## Directions for this task:
Once the line with "South Burlington Hotel" is found in the entries below, repeat it and each following line exactly, up to and including the line with "1918 RPCC 4th". Add no other lines.

## Information shown:
*** Block opens ***

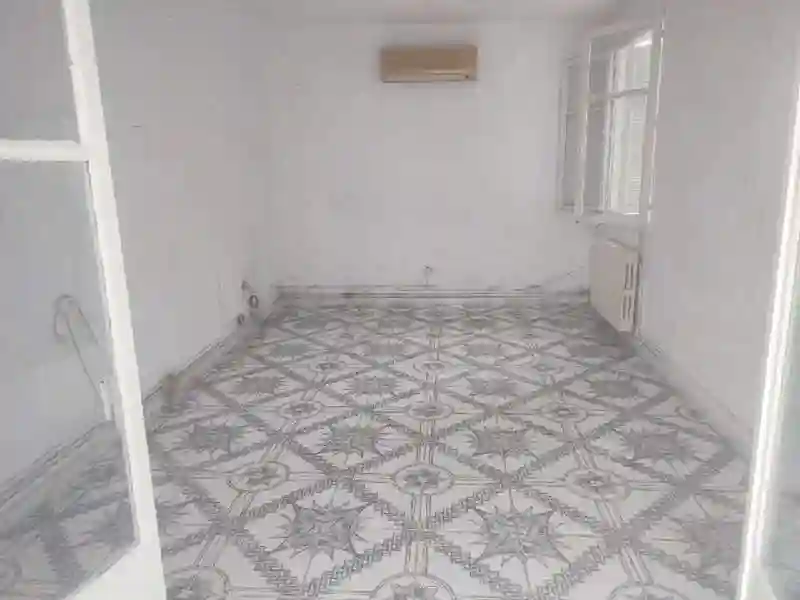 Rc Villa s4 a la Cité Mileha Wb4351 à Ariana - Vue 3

*** Block closes ***
*** Block opens ***

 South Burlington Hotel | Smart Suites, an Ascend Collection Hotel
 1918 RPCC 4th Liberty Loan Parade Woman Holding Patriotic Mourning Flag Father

*** Block closes ***

## Result of the exercise:
 South Burlington Hotel | Smart Suites, an Ascend Collection Hotel
 1918 RPCC 4th Liberty Loan Parade Woman Holding Patriotic Mourning Flag Father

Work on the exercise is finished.